The listing that follows must be retyped exactly, without its pictures.

━━━━━ Available data

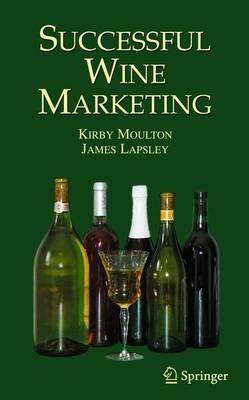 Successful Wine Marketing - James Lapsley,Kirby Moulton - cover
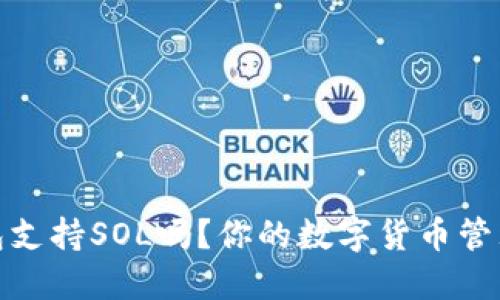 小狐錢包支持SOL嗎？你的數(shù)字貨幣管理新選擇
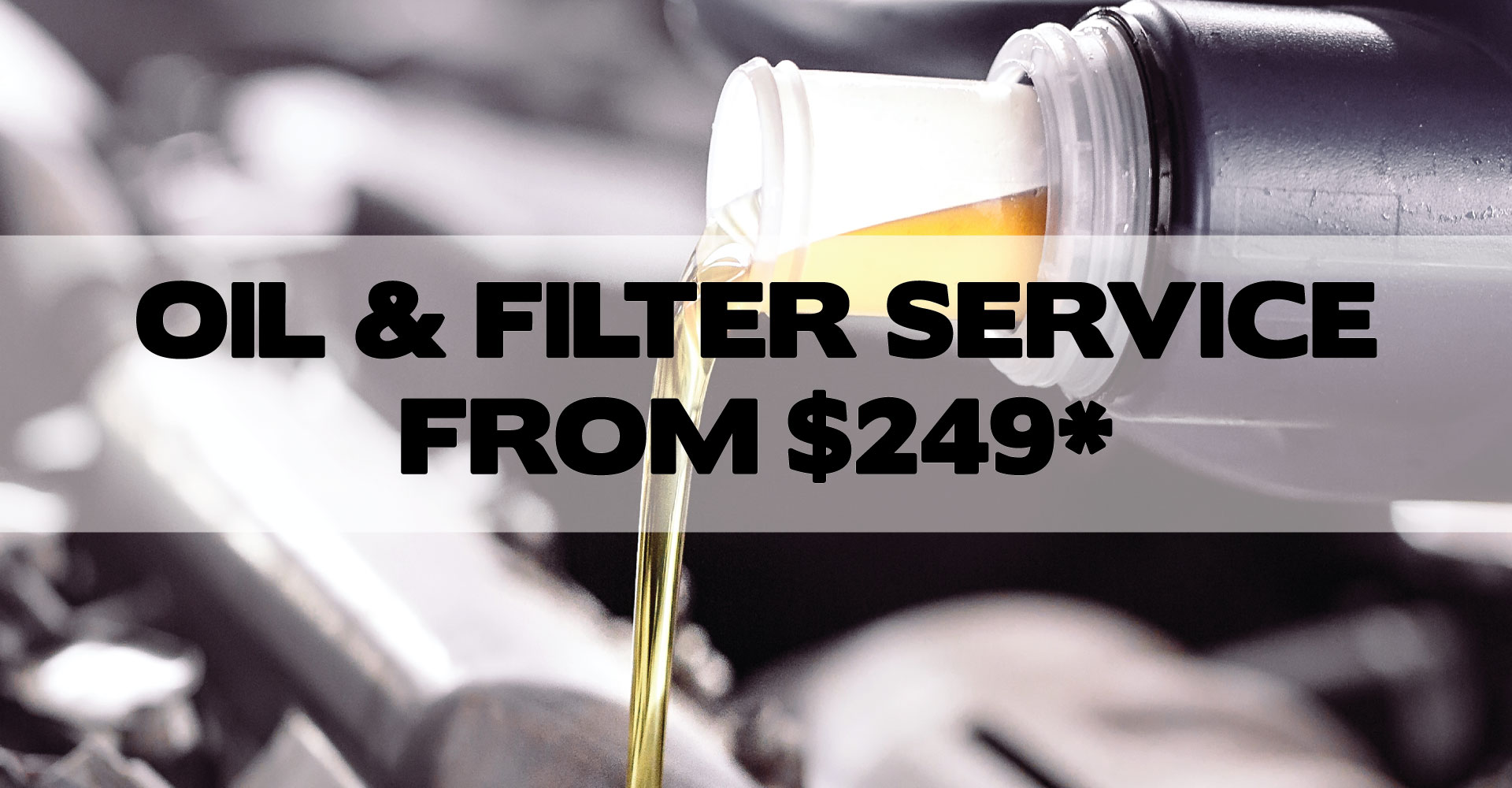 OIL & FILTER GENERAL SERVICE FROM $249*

━━━━━━━━━━

* _Solution to this problem_:
 Successful Wine Marketing - James Lapsley,Kirby Moulton - cover
 小狐錢包支持SOL嗎？你的數(shù)字貨幣管理新選擇
 OIL & FILTER GENERAL SERVICE FROM $249*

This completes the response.